Si va avanti con la Magna Grecia, in seguito i popoli italici, gli etruschi, vi è l’età romana, la Ravenna bizantina, i longobardi, l’età carolingia, la conquista normanna della Sicilia, la nascita dei Comuni, l’età federiciana, la nascita degli ordini mendicanti: i francescani, gli Angioini, il papato alla fine del medioevo, gli Stati Regionali, il Rinascimento e la Firenze medicea, la Roma dei papi, Cesare Borgia, Carlo V in Italia e il Sacco di Roma, il Granducato di Toscana, la Controriforma, L’Italia sotto l’egemonia spagnola e i Borbone del Regno di Napoli, il Risorgimento, l’Italia unita, la prima guerra mondiale, il fascismo, la seconda guerra mondiale e infine il secondo dopoguerra.
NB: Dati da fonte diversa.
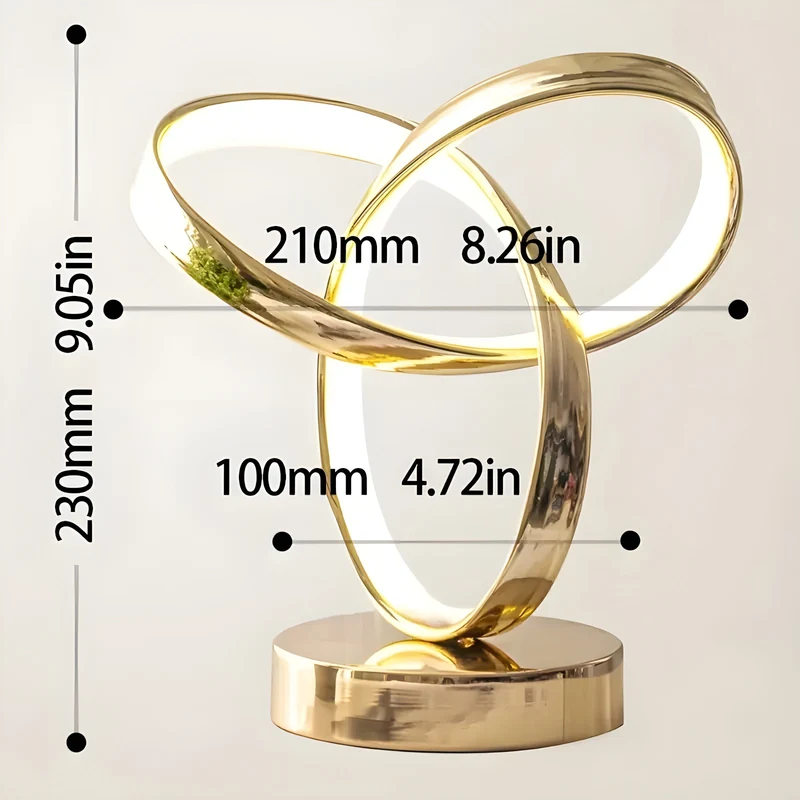 Skanto | Lampe – Luxus Gold Möbius Ring Schreibtisch Leselampe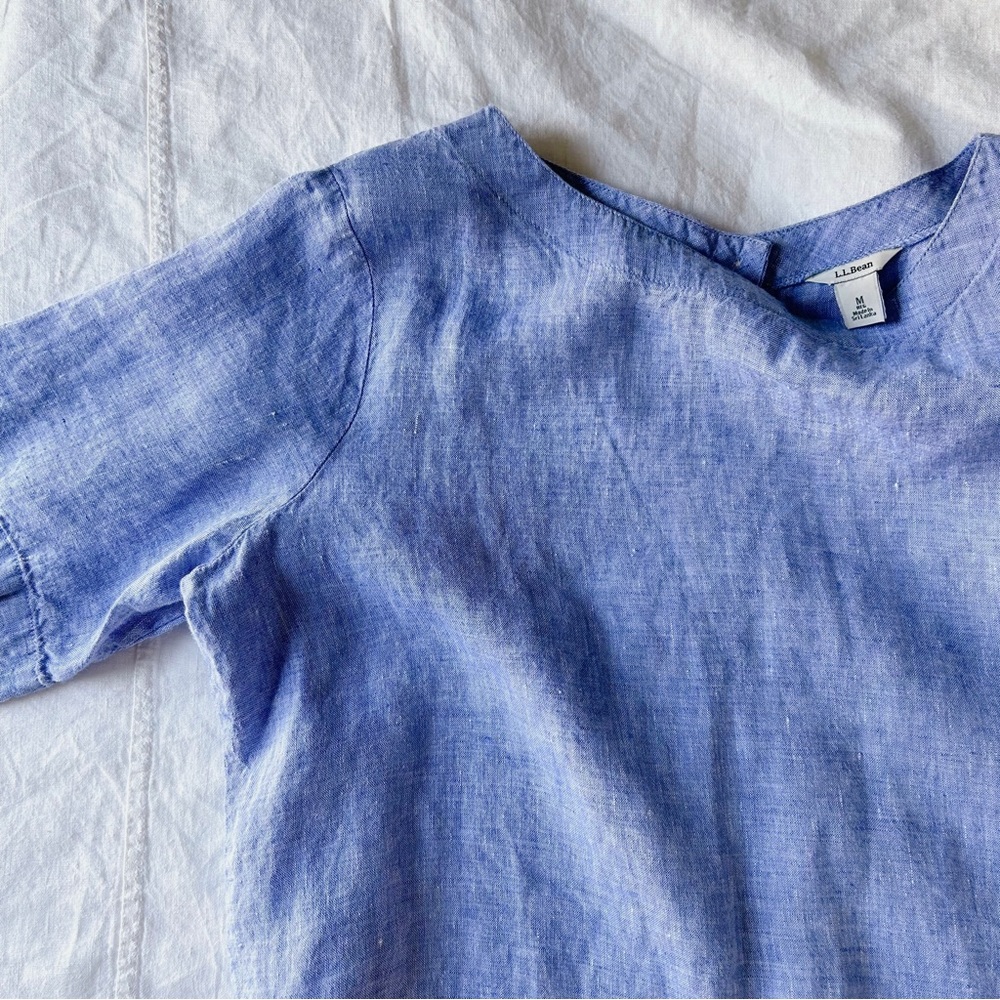 100 Linen Coastal Classic Llbean Boxy Blue Top Sz M Gem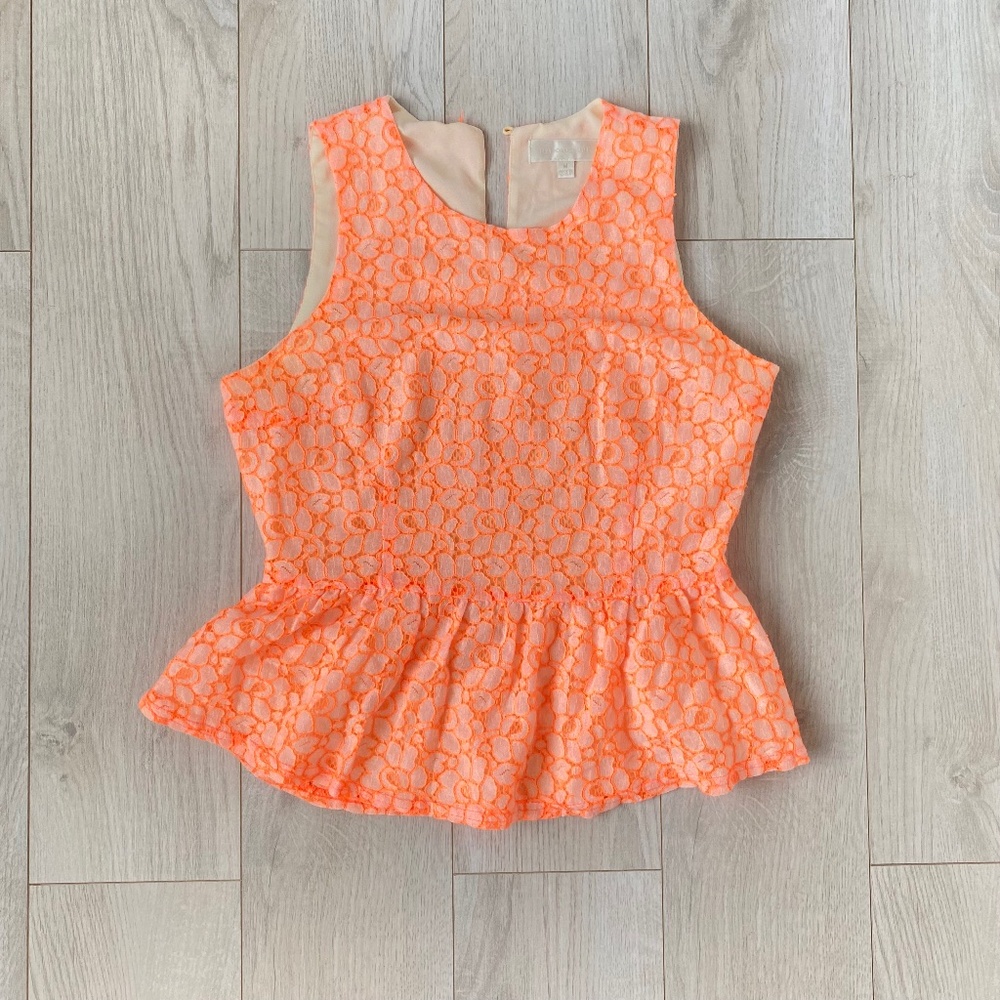 Bright Orange Sleeeveless Lace Top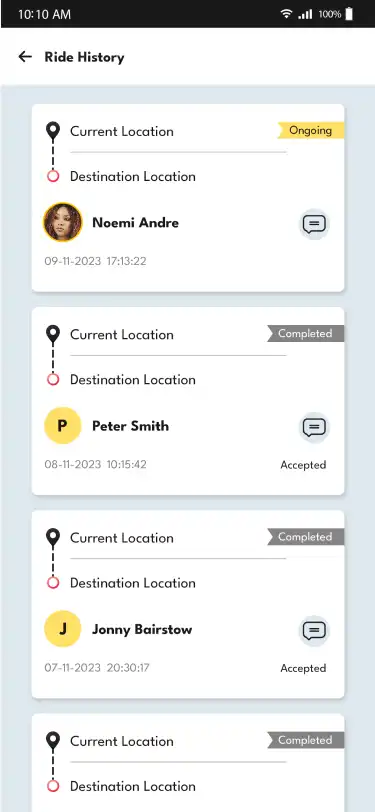 Taxi App Subscription — driver — Ride History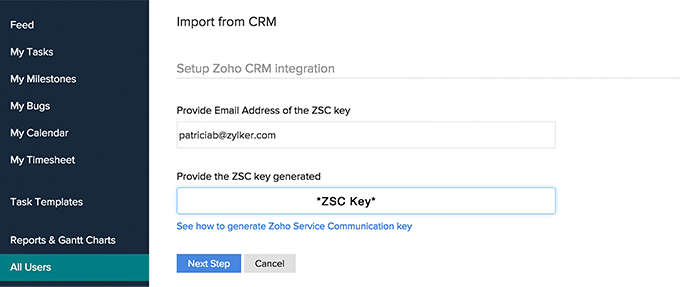 Provide ZSC Key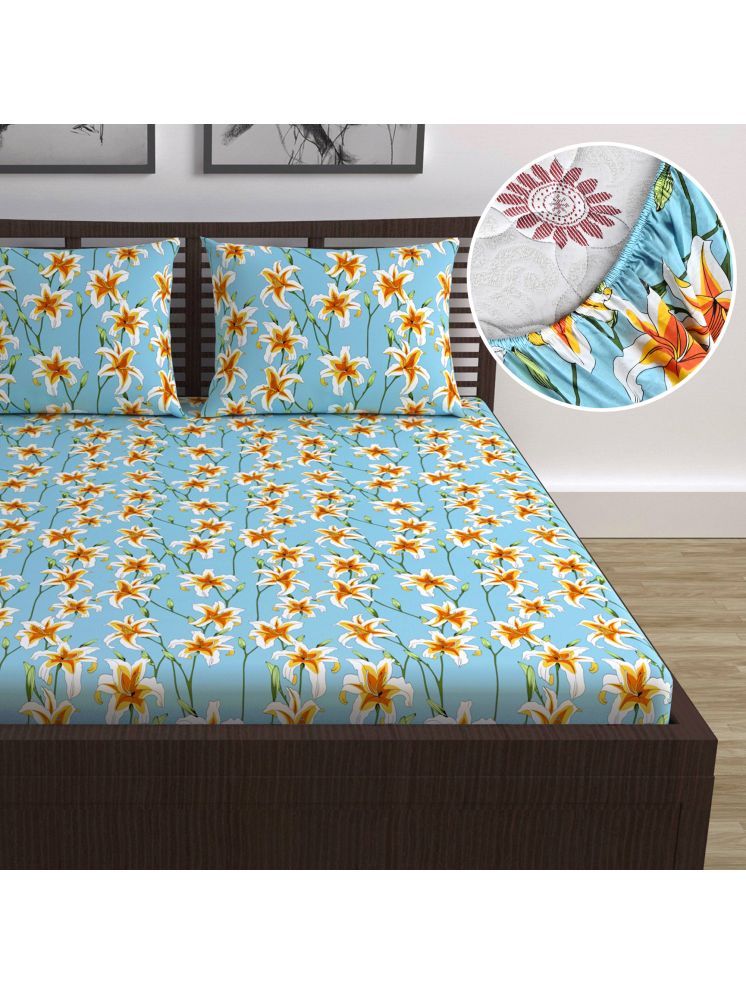     			DIVINE CASA Cotton Floral Fitted Fitted bedsheet with 2 Pillow Covers ( Double Bed ) - Sky Blue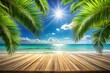 © LovelyRani - A wooden deck overlooks a tropical beach scene with palm trees and a bright sunny sky
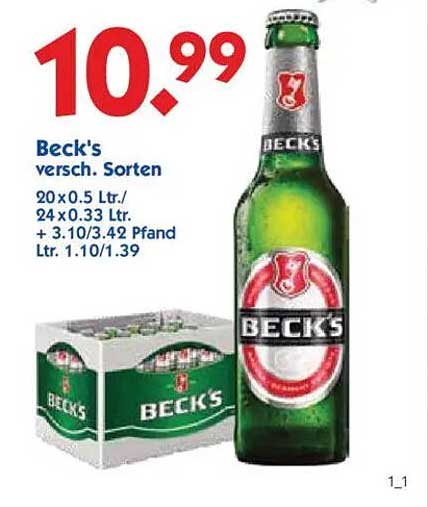 Beck's Bier 20x0,5 L und 24x0,33 L - Verschiedene Sorten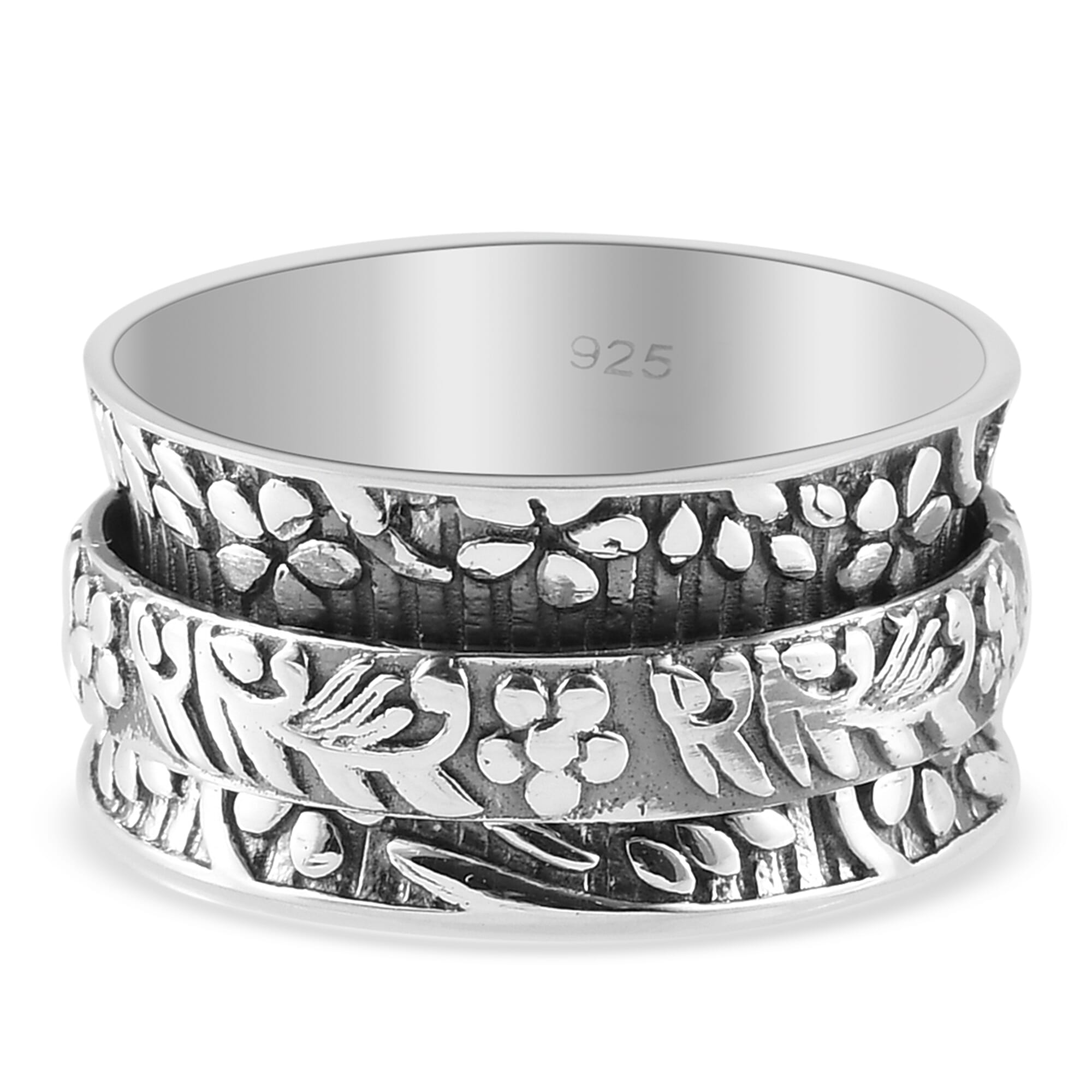 Platinum Overlay Sterling Silver Floral Pattern Embossed Stackable Ring, Silver Wt 5.52 Gms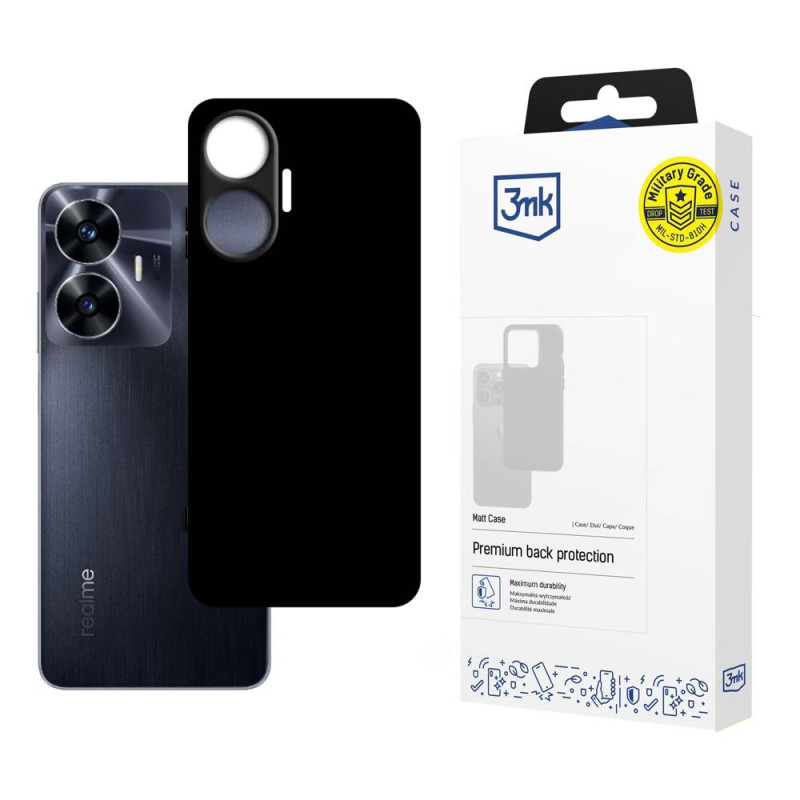 3mk matinis dėklas, skirtas Realme C55 - juodas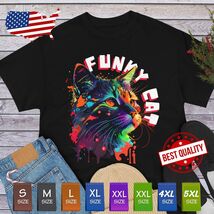 Funky Cat T Shirt Adorable Kitty Themed Cat Lovers Kawaii Tee Cute Anima... - $16.99+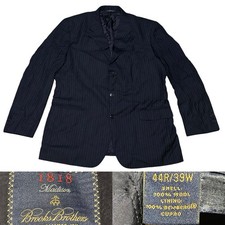 Brooks Brothers 1818 Madison Wool Suit Navy Blue Pinstripe Jacket Men s Size 44R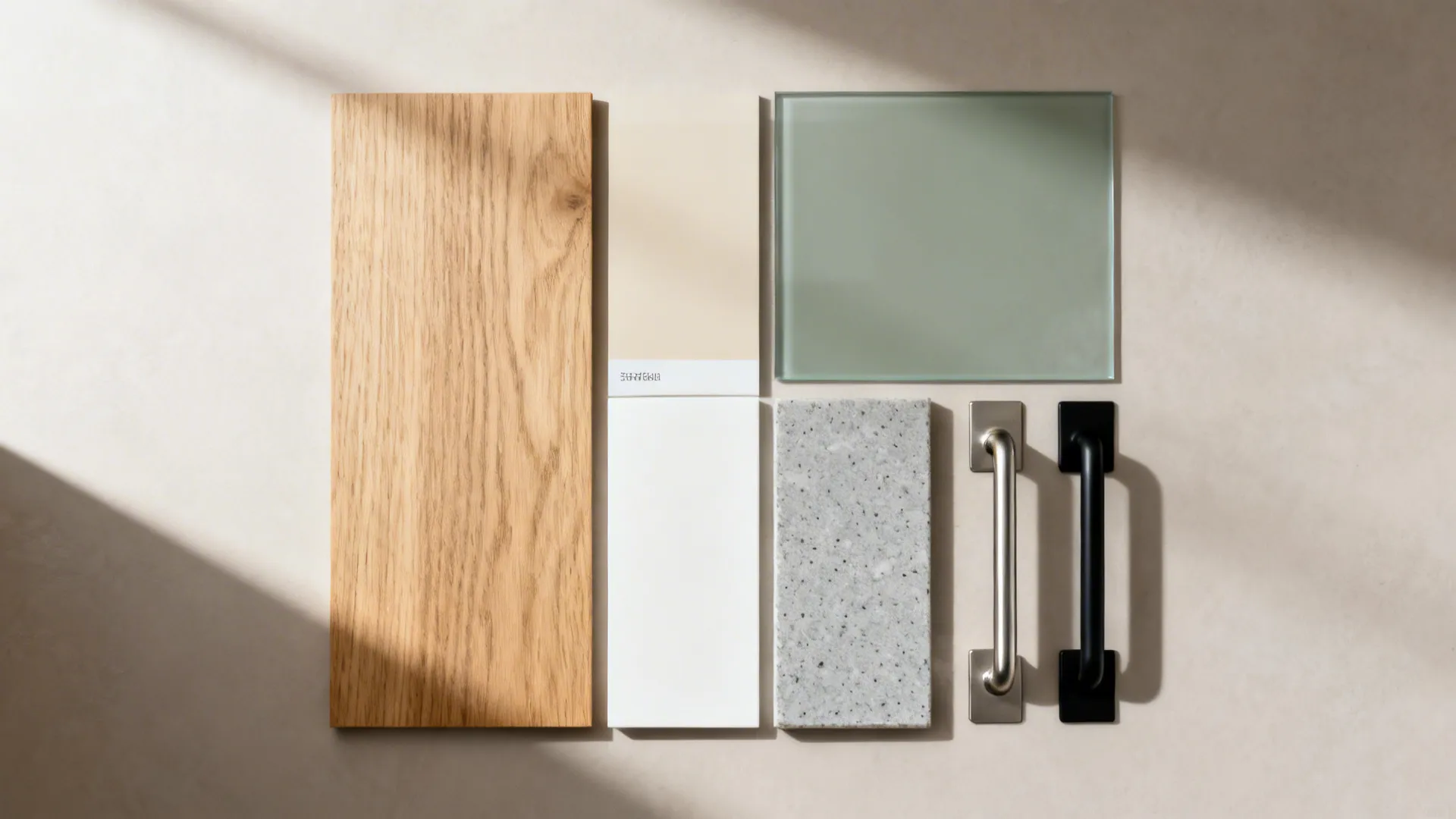 Interior design materials showing wood glass stone paint samples and two different metal door handles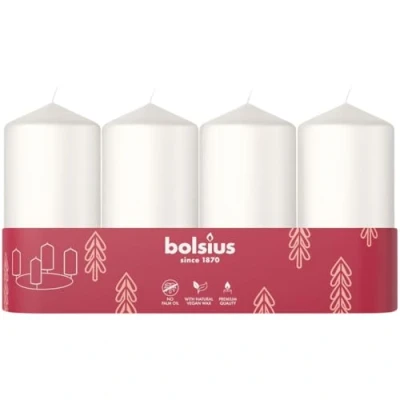 Image of Bolsius Smooth Pillar Candles Set of 4 White 100x48 mm Decorative Long Burning Time Unscented with Natural Plant Wax Without Palm Oil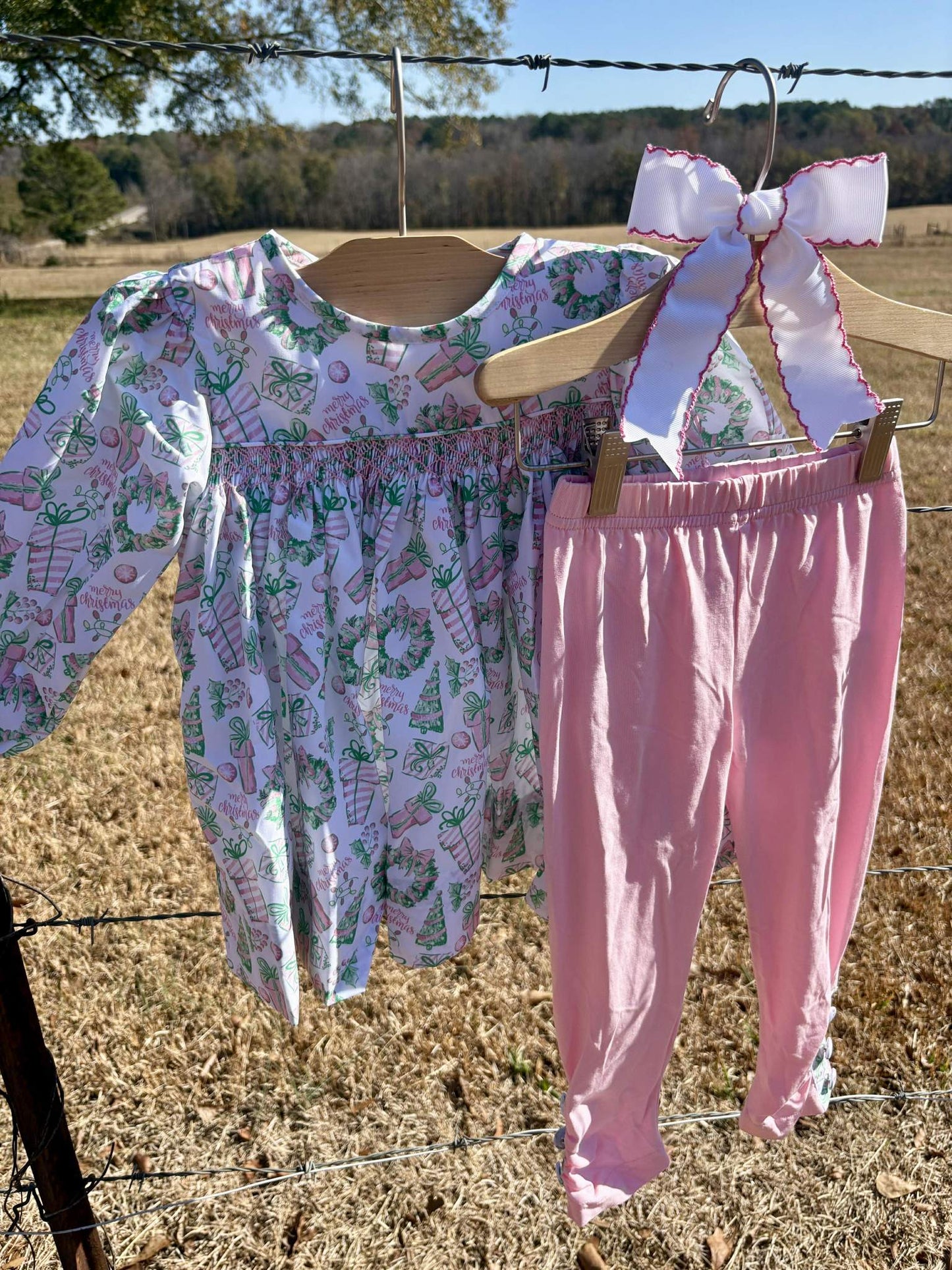 READY TO SHIP | PINK CHRISTMAS SMOCK PANT SET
Questo è nel complesso ciò che troverete leggendo il libro, ma vi assicuro che c’è un mondo davvero straordinario al suo interno, un universo dentro un altro cosmo, come si trattasse di matrioske dall’aspetto multicolore e bellissimo.

100 opere che hanno cambiato la storia dell’Italia, un inno alla bellezza del nostro Paese, opere scelte con cura, con dedizione ed estrema accuratezza.

Ciò che mi ha colpito molto è stata la scelta di parlare sia di affreschi religiosi in cui compaiono diverse figure come quelle dei puttini paffutelli (angioletti), sia di opere in cui ad esempio vi è un elemento quasi tetro, cupo, quasi mostruoso e arcigno.

Sono rimasta affascinata dall’Età federiciana, dal modo in cui si parla del più famoso tra i castelli federiciani, situato vicino ad Andria, in Puglia, in altre parole: Castel del Monte.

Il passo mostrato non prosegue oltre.